**ACTION ITEM:** Transcribe the data exactly. Pictures stay out.
########
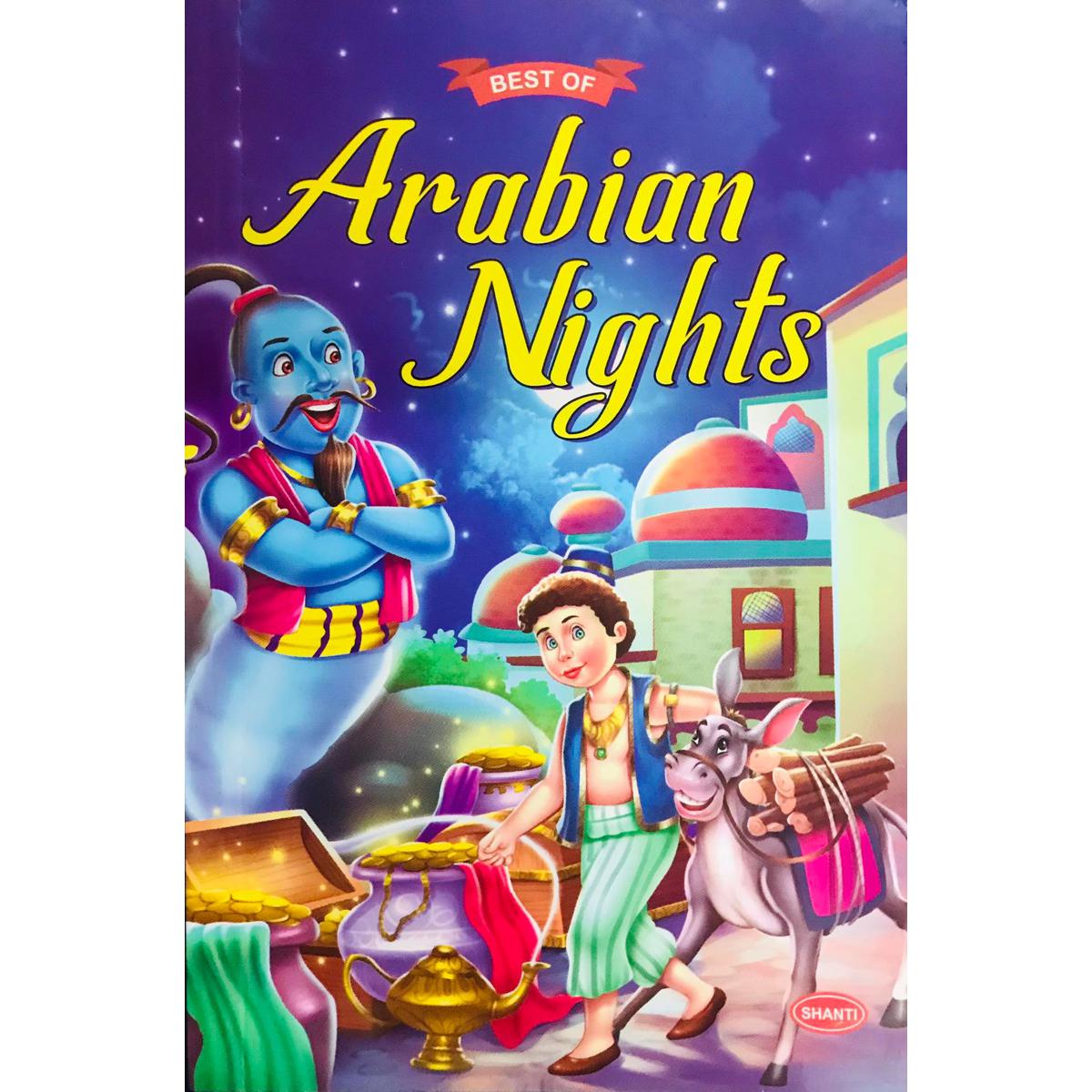 Picture of ARABIAN NIGHTS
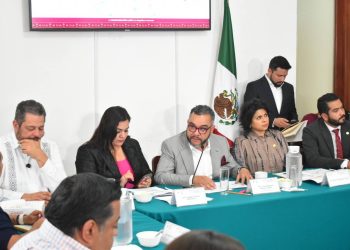 “La Guardia Nacional ya no esta encuartelada como antes, ahora se encuentra trabajando en las calles y zonas boscosas de la demarcación”, dijo el alcalde Fernando Mercado Guaida.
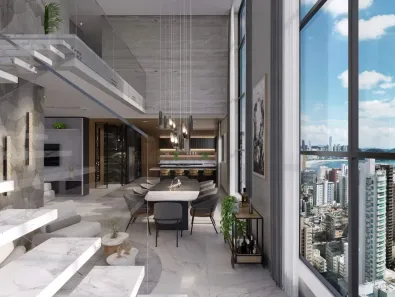 Apartamento com 4 Quartos à venda, 350m² no Centro, Balneário Camboriú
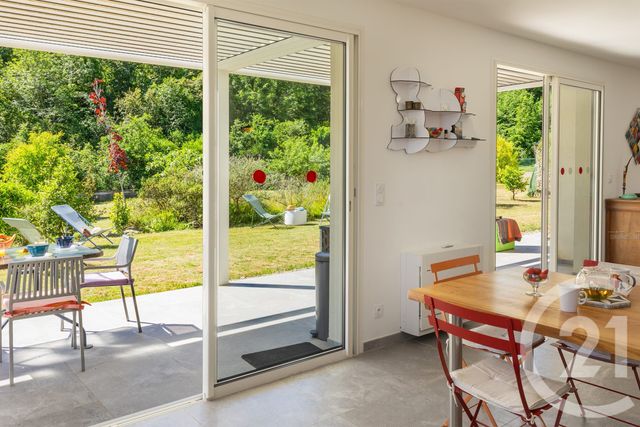 Maison &agrave; vendre - 4 pi&egrave;ces - 155 m2 - Santa Maria Poggio - 202 - CORSE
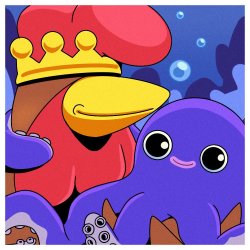 COQINU Kraken Meme Template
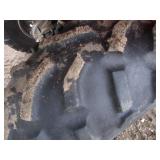 Kawasaki Prairie 400 ATV w/Snowplow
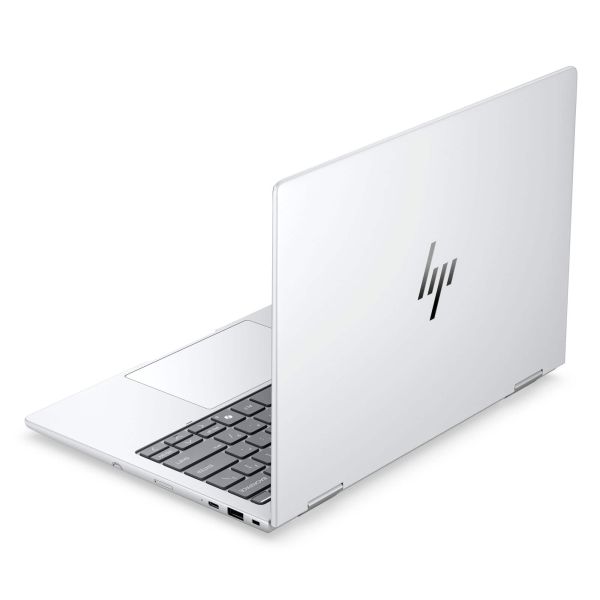 HP EliteBook 8 Flip G2i 13 Next Gen AI PC Copilot+ PC Intel Core Ultra 5 325 Laptop 33,8 cm (13.3") Touchscreen WUXGA 16 GB LPDDR5x-SDRAM 512 GB SSD Wi-Fi 7 (802.11be) Windows 11 Pro Zilver QWERTY (DW7J8ET#ABH)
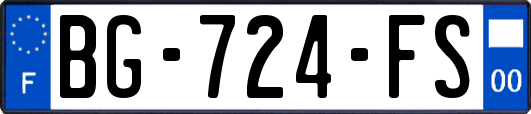 BG-724-FS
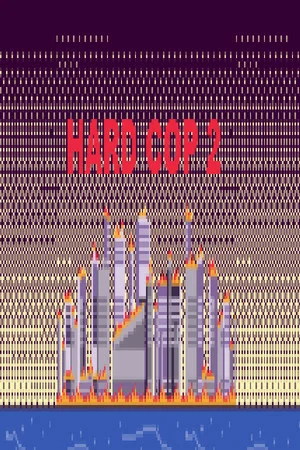 HardCop 2 poszter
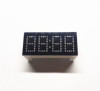 SMD 0.4 inch white color 4 digit led display for instrumentation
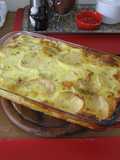 Pastel de papas Arequipeño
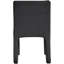 Chaise d'appoint capitonnée Kai-80816118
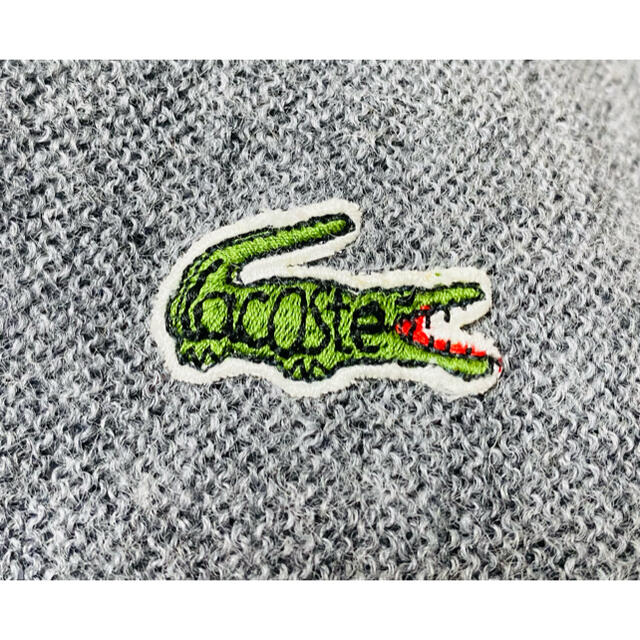 LACOSTE(ラコステ)のたろうさま専用 メンズのトップス(ニット/セーター)の商品写真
########
**TASK RESPONSE:**
 Picture of ARABIAN NIGHTS
 “La Guardia Nacional ya no esta encuartelada como antes, ahora se encuentra trabajando en las calles y zonas boscosas de la demarcación”, dijo el alcalde Fernando Mercado Guaida.
 Apartamento com 4 Quartos à venda, 350m² no Centro, Balneário Camboriú
 Maison &agrave; vendre - 4 pi&egrave;ces - 155 m2 - Santa Maria Poggio - 202 - CORSE
 COQINU Kraken Meme Template
 Kawasaki Prairie 400 ATV w/Snowplow
 HP EliteBook 8 Flip G2i 13 Next Gen AI PC Copilot+ PC Intel Core Ultra 5 325 Laptop 33,8 cm (13.3") Touchscreen WUXGA 16 GB LPDDR5x-SDRAM 512 GB SSD Wi-Fi 7 (802.11be) Windows 11 Pro Zilver QWERTY (DW7J8ET#ABH)
 BG-724-FS
 HardCop 2 poszter
 SMD 0.4 inch white color 4 digit led display for instrumentation
 Pastel de papas Arequipeño
 Chaise d'appoint capitonnée Kai-80816118
 LACOSTE(ラコステ)のたろうさま専用 メンズのトップス(ニット/セーター)の商品写真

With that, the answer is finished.